Note that because a snapshot was created in the first query, it is now
feasible to use it instead of directly accessing the tree
structure. This procedure actually saves a lot of time and goes far
faster.

Of course, variables can be combined. For example, the following
command returns the number of problems, the number of solved tasks
(but not validated) and the number of problems where the winners of
the Sixth International Planning Competition (LAMA 2008) and the
Seventh International Planning Competition (LAMA 2011) failed::

  $ /report.py --summary seq-sat.snapshot --planner 'lama.*20.*' --level planner
    --variable numprobs numsolved numfails --quiet

  name: report
 +-----------+----------+-----------+----------+
 |  planner  | numprobs | numsolved | numfails |
 +-----------+----------+-----------+----------+
 | lama-2008 |   280    |    188    |    92    |
 | lama-2011 |   280    |    250    |    30    |
 +-----------+----------+-----------+----------+
  legend:
    planner [key]
    numprobs: total number of problems [elaborated data]
    numsolved: number of solved problems (independently of the solution files generated) [elaborated data]
    numfails: total number of fails [elaborated data]

  created by IPCrun 1.0 (Revision: 283), Thu Jul 21 13:51:06 2011

In this case, because the directive :option:`--quiet` was given, all
the headers were removed from the output.

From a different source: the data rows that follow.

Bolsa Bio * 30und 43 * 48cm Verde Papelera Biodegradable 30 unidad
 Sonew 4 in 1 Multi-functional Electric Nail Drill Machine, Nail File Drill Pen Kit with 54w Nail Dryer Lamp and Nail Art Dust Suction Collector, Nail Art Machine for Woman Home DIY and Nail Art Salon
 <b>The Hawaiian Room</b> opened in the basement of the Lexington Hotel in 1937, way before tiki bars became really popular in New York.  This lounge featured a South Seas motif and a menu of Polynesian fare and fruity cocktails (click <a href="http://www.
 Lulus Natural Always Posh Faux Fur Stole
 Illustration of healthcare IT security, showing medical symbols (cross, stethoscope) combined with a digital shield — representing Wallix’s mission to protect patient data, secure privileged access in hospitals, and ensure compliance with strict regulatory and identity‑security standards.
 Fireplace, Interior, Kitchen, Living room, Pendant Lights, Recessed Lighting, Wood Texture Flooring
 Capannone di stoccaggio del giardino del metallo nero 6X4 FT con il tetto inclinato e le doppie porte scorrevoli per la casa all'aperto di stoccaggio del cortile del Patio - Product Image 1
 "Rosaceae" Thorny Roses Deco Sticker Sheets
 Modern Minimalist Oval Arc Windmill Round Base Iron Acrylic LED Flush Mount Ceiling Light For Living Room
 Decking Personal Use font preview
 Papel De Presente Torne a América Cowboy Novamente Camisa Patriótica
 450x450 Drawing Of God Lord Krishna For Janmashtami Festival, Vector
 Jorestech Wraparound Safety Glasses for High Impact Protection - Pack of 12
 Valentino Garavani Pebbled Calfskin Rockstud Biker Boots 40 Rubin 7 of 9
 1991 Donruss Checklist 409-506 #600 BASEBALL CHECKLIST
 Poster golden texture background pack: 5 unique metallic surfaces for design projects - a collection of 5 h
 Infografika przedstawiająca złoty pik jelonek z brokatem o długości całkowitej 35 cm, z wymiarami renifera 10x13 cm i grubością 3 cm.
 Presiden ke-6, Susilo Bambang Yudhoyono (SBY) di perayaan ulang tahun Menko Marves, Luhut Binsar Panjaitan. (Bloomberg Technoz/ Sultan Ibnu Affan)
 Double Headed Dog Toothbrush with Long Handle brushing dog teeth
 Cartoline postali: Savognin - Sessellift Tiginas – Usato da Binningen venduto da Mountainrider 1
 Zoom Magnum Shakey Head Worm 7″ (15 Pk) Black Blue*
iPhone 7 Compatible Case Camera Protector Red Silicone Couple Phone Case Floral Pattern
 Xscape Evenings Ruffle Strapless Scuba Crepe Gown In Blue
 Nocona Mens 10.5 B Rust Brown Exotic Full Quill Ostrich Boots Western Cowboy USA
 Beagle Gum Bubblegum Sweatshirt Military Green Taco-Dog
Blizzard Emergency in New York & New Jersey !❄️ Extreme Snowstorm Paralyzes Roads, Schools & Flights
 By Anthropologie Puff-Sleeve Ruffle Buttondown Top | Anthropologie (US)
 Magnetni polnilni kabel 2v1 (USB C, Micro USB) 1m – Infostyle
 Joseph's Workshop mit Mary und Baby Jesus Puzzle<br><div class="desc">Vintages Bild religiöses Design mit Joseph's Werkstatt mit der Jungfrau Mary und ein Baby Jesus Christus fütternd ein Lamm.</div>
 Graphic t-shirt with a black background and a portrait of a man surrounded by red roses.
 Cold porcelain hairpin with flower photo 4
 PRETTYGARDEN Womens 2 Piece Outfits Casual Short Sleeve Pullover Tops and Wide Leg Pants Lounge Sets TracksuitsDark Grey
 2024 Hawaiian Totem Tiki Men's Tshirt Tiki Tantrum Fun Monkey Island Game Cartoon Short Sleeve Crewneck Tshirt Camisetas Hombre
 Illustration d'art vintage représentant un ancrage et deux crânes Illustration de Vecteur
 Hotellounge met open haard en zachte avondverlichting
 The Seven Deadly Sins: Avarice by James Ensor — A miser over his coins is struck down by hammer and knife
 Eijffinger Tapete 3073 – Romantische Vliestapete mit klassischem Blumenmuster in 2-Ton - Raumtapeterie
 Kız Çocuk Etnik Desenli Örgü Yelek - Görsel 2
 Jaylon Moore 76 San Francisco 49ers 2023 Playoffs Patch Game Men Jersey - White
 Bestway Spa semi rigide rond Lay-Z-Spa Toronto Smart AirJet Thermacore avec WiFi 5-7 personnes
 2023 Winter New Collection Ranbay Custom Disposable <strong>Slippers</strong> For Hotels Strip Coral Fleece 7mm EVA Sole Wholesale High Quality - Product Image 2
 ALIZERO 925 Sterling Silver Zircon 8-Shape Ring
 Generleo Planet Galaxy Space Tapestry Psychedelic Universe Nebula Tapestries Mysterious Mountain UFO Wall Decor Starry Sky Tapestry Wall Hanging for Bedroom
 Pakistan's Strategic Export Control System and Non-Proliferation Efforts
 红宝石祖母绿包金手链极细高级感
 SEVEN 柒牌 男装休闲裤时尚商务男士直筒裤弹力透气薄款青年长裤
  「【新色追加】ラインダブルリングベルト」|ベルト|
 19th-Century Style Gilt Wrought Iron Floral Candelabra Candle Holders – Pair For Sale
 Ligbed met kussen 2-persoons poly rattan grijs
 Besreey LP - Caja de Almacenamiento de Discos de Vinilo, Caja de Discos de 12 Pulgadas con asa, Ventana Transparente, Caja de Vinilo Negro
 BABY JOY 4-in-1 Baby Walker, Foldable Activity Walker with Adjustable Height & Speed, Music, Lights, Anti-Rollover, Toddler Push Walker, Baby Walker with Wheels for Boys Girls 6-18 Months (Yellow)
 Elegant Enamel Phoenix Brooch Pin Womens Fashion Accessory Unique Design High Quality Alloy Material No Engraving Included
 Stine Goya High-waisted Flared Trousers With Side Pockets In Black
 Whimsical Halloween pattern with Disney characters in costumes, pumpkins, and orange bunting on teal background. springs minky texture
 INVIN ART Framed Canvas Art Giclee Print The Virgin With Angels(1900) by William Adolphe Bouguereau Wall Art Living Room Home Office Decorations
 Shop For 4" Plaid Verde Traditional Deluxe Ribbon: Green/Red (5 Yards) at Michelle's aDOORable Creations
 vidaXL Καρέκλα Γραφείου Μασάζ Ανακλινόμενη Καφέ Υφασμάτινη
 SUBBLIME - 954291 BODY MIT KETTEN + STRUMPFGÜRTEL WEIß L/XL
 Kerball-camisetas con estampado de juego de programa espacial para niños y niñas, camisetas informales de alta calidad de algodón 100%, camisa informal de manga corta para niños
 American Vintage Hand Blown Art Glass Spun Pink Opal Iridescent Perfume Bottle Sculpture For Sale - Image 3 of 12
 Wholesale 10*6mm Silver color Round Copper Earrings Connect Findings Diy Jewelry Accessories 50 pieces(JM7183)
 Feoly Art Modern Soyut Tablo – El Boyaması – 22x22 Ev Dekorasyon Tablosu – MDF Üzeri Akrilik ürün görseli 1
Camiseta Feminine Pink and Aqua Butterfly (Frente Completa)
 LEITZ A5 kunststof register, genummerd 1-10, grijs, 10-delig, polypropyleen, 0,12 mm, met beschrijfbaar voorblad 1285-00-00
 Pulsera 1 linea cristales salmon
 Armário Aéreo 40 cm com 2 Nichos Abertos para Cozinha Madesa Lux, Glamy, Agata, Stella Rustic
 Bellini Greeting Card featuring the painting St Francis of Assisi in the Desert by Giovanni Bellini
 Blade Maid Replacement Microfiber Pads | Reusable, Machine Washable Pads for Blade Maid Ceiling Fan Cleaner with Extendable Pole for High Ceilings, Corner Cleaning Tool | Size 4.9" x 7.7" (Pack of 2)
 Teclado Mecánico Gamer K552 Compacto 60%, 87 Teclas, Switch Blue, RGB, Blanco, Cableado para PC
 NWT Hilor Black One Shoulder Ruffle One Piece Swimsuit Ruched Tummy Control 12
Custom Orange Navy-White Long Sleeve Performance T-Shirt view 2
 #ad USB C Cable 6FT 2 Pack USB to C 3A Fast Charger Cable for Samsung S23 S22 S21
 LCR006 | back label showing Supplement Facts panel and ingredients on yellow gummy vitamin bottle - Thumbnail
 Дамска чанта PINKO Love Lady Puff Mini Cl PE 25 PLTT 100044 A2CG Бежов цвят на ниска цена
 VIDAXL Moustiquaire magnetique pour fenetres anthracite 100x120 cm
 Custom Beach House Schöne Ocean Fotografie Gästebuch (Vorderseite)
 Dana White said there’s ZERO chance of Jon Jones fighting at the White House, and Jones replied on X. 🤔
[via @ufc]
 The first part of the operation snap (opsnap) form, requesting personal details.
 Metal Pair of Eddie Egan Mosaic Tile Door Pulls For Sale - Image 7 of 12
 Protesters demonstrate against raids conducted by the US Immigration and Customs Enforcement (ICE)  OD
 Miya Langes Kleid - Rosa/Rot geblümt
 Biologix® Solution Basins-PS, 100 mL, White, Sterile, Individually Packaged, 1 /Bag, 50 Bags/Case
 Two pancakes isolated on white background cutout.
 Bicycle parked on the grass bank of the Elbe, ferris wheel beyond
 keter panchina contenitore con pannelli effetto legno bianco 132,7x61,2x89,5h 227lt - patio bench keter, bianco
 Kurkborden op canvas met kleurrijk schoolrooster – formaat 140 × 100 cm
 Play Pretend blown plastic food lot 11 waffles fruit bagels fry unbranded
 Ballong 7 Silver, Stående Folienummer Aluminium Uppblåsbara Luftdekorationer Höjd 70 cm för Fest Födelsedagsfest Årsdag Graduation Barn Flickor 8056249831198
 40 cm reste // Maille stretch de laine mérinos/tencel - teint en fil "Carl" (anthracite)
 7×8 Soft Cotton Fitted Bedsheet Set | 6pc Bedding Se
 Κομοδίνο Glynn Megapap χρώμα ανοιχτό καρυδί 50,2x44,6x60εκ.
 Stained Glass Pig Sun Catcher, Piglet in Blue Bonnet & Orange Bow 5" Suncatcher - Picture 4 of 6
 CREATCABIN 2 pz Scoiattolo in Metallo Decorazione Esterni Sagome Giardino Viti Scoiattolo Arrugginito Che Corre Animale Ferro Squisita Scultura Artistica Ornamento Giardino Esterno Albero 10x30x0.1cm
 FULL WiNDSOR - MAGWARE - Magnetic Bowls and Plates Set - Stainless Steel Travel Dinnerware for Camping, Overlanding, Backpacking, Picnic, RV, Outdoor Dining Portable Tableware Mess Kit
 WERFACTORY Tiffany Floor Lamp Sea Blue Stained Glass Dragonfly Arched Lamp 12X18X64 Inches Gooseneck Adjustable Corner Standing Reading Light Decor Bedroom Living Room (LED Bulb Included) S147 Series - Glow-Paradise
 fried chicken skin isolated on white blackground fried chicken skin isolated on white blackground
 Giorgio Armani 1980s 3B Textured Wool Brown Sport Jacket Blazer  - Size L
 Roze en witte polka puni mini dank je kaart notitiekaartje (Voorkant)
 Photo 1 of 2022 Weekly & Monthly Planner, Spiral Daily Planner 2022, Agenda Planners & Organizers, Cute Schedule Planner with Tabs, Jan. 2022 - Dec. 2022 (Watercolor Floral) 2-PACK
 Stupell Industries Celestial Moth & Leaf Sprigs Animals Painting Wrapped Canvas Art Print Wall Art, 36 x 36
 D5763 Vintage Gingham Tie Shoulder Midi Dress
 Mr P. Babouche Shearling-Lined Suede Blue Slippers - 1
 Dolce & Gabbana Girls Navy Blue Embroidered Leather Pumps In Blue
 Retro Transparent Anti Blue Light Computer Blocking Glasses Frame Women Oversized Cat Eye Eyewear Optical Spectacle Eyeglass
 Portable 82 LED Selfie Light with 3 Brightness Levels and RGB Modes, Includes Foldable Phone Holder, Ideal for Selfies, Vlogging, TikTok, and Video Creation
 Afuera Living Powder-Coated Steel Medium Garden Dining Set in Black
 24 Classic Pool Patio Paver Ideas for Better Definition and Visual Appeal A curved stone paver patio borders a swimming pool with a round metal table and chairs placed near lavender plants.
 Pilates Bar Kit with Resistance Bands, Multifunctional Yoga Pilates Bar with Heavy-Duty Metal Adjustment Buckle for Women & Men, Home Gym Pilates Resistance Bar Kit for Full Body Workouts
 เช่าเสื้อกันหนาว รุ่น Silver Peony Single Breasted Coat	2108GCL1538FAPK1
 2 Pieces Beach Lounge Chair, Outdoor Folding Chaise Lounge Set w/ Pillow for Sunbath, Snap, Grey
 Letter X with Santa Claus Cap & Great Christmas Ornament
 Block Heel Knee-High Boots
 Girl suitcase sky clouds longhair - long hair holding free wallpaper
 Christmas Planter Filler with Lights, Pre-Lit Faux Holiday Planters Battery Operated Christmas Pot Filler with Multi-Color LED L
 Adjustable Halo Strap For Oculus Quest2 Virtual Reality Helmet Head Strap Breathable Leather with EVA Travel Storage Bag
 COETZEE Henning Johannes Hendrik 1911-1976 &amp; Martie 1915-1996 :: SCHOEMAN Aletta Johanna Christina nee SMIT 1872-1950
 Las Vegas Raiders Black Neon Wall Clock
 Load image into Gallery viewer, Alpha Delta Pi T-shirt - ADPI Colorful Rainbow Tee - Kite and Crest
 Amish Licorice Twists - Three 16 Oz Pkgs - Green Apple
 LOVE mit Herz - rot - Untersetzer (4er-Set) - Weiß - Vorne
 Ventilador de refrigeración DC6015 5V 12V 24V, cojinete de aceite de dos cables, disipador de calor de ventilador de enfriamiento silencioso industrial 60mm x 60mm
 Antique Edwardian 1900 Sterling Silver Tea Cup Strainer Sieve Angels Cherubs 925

Moreover, the results can be sorted either in ascending or descending
order of any combination of variables thanks to the flags
:option:`--ascending` and :option:`--descending`. These variables
shall be given along with one of the variables specified in the query
and/or any of the legal levels: :const:`planner`, :const:`domain` and/or
:const:`problem`. For example, the following command shows the number
of problems successfully solved and the number of plan solution files
generated by all planners in the sequential satisficing track. It then
sorts the output giving preference to the planners that solved more
tasks and, in case of a tie (note the case of planners
:command:`probe` and :command:`fdss-2` both with 233 tasks solved), it
ranks first those that generated more solution files::

  $ ./report.py --summary seq-sat.snapshot --variable oknumsolved oksumnumsols 
    --level planner --quiet --descending oknumsolved --descending oksumnumsols
   name: report
  +---------------+-------------+--------------+
  |    planner    | oknumsolved | oksumnumsols |
  +---------------+-------------+--------------+
  |   lama-2011   |     250     |     874      |
  |     fdss-2    |     233     |     645      |
  |     probe     |     233     |     460      |
  |     fdss-1    |     232     |     828      |
  | fd-autotune-1 |     223     |     557      |
  |     roamer    |     213     |     779      |
  |  forkuniform  |     207     |     589      |
  |     lamar     |     195     |     764      |
  | fd-autotune-2 |     193     |     516      |
  |     arvand    |     190     |     1813     |
  |   lama-2008   |     188     |     743      |
  |    randward   |     184     |     689      |
  |      brt      |     157     |     499      |
  |     yahsp2    |     138     |     246      |
  |   yahsp2-mt   |     137     |     423      |
  |      cbp2     |     135     |     834      |
  |      cbp      |     123     |     788      |
  |   dae_yahsp   |     120     |     963      |
  |     lprpgp    |     118     |     236      |
  |  madagascar-p |      88     |      88      |
  |     popf2     |      81     |     100      |
  |   madagascar  |      67     |      67      |
  |      cpt4     |      52     |      52      |
  |    sharaabi   |      33     |      33      |
  |  satplanlm-c  |      32     |      32      |
  |    acoplan    |      20     |      80      |
  |    acoplan2   |      20     |      70      |
  +---------------+-------------+--------------+
   legend:
     planner [key]
     oknumsolved: number of *successfully* solved problems (independently of the solution files generated) 
                  [elaborated data]
     oksumnumsols: sum of the total number of *successful* solution files generated [elaborated data]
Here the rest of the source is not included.